Graph Theory, Combinatorics and Algorithms: Interdisciplinary Applications focuses on discrete mathematics and combinatorial algorithms interacting with real world problems in computer science, operations research, applied mathematics and engineering. The book contains eleven chapters written by experts in their respective fields, and covers a wide spectrum of high-interest problems across these discipline domains. Among the contributing authors are Richard Karp of UC Berkeley and Robert Tarjan of Princeton; both are at the pinnacle of research scholarship in Graph Theory and Combinatorics. The chapters from the contributing authors focus on "real world" applications, all of which will be of considerable interest across the areas of Operations Research, Computer Science, Applied Mathematics, and Engineering. These problems include Internet congestion control, high-speed communication networks, multi-object auctions, resource allocation, software testing, data structures, etc.
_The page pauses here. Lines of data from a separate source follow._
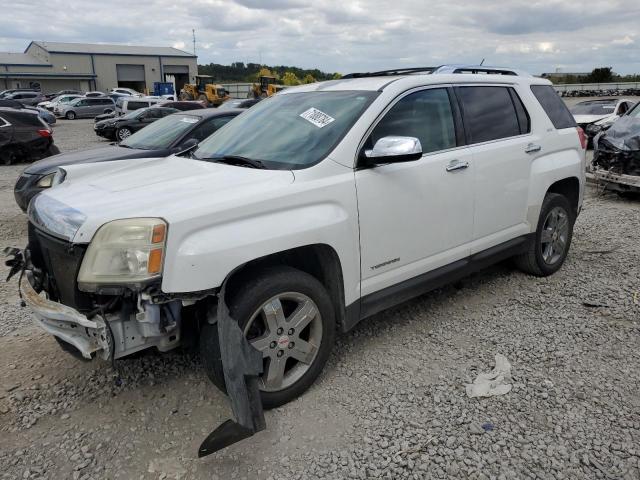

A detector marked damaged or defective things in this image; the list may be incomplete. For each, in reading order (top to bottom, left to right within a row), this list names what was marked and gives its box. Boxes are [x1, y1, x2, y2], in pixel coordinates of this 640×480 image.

wrecked vehicle [568, 98, 636, 147]
damaged car in background [568, 98, 636, 147]
damaged car in background [592, 103, 640, 195]
wrecked vehicle [592, 106, 640, 194]
wrecked vehicle [5, 66, 584, 454]
exposed bumper support [196, 284, 264, 460]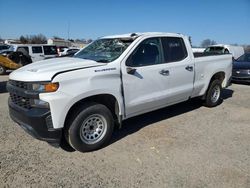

In sum, this is a book focused on major, contemporary problems, written by the top research scholars in the field, using cutting-edge mathematical and computational techniques.

Orthogonal Polynomials

Theory and Practice


Author: Paul Nevai

Publisher: Springer Science & Business Media

ISBN: 9400905017

Category: Mathematics

Page: 488

View: 2811

This volume contains the Proceedings of the NATO Advanced Study Institute on "Orthogonal Polynomials and Their Applications" held at The Ohio State University in Columbus, Ohio, U.S.A. between May 22,1989 and June 3,1989. The Advanced Study Institute primarily concentrated on those aspects of the theory and practice of orthogonal polynomials which surfaced in the past decade when the theory of orthogonal polynomials started to experience an unparalleled growth. This progress started with Richard Askey's Regional Confer ence Lectures on "Orthogonal Polynomials and Special Functions" in 1975, and subsequent discoveries led to a substantial revaluation of one's perceptions as to the nature of orthogonal polynomials and their applicability. The recent popularity of orthogonal polynomials is only partially due to Louis de Branges's solution of the Bieberbach conjecture which uses an inequality of Askey and Gasper on Jacobi polynomials. The main reason lies in their wide applicability in areas such as Pade approximations, continued fractions, Tauberian theorems, numerical analysis, probability theory, mathematical statistics, scattering theory, nuclear physics, solid state physics, digital signal processing, electrical engineering, theoretical chemistry and so forth. This was emphasized and convincingly demonstrated during the presentations by both the principal speakers and the invited special lecturers. The main subjects of our Advanced Study Institute included complex orthogonal polynomials, signal processing, the recursion method, combinatorial interpretations of orthogonal polynomials, computational problems, potential theory, Pade approximations, Julia sets, special functions, quantum groups, weighted approximations, orthogonal polynomials associated with root systems, matrix orthogonal polynomials, operator theory and group representations.